The main significance of the discovery of the Roman fort at Hegra is “the solid confirmation of what we have suspected before that this part of the Hijaz was definitely a part of the Roman province of Arabia, and thus of the Roman Empire, and that the Roman presence was not ephemeral.

“We know that the 2nd century was a time of particularly intensive Roman activities in Arabia and in the Red Sea region. Also, at this point of time, we know that the Roman military presence in that part of Arabia extended at least until the end of the 3rd century.”

Prior to the discovery of the fort at Hegra, it was thought that the legions had advanced no further south into Arabia than the head of the Gulf of Aqaba.

“Scholarly hypotheses postulating that the northwest Hijaz was a part of the empire existed already in the late 20th century,” said Fiema.

“But the discovery of the Roman fort, and the Latin inscriptions, in Hegra have indeed confirmed the validity of these early hypotheses.

A cavalry helmet in the form of an Amazon. (Photo credit: British Museum)

“Unfortunately, most of the maps of the Roman Empire, which are published in school textbooks and scientific works, still show the border of the empire coterminous with that of the modern state of Jordan.”

So far, it is not known exactly when the Roman legions abandoned the Hijaz, or why.

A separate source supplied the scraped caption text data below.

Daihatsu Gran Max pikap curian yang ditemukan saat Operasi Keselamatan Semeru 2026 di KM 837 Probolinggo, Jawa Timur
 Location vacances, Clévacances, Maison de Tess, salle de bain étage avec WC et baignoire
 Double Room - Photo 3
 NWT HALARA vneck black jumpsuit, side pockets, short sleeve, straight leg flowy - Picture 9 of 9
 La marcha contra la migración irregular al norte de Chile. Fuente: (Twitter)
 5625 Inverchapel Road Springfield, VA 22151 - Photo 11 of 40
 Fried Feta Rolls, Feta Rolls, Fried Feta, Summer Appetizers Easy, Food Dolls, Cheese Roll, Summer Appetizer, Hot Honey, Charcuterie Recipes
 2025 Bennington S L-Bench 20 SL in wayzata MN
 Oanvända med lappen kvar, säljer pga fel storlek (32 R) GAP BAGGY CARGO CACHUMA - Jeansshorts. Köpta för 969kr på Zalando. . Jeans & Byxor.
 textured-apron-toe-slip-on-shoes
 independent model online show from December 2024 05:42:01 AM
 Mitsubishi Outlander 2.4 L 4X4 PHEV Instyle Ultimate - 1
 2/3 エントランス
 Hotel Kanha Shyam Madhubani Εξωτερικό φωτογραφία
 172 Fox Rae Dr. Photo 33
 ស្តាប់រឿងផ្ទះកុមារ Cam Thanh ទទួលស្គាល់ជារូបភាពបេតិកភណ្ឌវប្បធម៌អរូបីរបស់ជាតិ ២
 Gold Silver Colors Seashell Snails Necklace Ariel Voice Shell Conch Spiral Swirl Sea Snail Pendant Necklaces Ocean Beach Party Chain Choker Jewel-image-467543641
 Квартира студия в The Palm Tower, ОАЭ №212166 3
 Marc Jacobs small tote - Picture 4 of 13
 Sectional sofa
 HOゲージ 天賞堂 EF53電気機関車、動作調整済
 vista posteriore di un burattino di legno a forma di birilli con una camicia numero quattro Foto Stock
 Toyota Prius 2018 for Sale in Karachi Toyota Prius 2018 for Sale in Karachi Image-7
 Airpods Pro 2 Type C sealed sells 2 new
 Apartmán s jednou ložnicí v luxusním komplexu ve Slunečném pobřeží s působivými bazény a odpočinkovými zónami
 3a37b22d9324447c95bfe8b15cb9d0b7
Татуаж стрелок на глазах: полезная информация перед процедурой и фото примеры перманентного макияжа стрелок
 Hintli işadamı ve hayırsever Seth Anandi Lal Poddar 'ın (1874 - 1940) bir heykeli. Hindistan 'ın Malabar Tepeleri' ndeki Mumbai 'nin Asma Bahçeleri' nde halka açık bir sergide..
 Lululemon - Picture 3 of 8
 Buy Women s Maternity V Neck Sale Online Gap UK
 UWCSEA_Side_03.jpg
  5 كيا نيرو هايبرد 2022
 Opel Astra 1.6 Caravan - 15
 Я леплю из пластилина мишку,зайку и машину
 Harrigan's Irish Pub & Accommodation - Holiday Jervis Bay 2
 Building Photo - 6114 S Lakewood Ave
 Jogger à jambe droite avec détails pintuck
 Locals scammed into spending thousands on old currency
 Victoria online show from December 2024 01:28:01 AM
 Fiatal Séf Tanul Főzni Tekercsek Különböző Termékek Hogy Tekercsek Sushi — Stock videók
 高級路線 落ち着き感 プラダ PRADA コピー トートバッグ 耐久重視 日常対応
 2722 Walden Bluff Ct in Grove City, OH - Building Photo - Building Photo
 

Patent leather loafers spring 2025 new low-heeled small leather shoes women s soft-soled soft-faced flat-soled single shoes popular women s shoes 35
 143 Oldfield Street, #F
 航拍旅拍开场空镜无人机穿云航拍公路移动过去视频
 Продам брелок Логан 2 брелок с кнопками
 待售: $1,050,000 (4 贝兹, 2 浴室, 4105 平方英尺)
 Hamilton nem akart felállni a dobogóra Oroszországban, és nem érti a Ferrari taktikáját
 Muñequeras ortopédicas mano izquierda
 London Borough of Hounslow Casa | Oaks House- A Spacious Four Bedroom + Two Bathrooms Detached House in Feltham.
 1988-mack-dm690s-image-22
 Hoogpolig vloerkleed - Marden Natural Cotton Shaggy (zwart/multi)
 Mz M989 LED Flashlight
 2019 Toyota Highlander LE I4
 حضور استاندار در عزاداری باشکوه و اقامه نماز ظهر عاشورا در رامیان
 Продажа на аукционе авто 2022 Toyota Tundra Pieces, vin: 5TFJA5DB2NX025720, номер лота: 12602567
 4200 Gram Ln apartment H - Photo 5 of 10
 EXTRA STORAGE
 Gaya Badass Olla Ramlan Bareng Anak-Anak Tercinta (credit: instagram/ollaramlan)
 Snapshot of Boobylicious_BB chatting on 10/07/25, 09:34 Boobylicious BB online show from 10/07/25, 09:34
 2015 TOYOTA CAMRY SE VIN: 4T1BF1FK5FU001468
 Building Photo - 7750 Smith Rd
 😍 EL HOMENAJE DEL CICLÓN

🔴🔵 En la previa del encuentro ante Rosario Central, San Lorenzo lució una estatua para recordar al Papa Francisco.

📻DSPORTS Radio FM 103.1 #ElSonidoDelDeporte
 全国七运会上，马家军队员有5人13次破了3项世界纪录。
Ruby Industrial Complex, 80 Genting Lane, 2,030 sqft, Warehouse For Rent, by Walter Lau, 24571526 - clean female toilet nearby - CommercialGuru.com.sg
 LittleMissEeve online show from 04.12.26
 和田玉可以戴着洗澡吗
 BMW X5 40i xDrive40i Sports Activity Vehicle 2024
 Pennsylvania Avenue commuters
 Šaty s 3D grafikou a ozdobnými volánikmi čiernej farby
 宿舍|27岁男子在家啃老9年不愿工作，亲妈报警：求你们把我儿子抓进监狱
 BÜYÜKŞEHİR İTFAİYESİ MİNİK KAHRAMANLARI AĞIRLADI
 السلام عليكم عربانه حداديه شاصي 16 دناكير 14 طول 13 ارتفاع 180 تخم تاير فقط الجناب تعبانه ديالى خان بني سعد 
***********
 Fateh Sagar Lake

Fiema has little doubt that archaeological evidence that the Romans advanced even further south into Arabia, as testified to by Strabo, remains to be unearthed.

“One should expect that intensive archaeological exploration of the Arabian Peninsula should bring more information on the Roman presence.”

There is some evidence that Roman legions may even have made it as far south as the Farasan Islands in the Red Sea off southwest Saudi Arabia.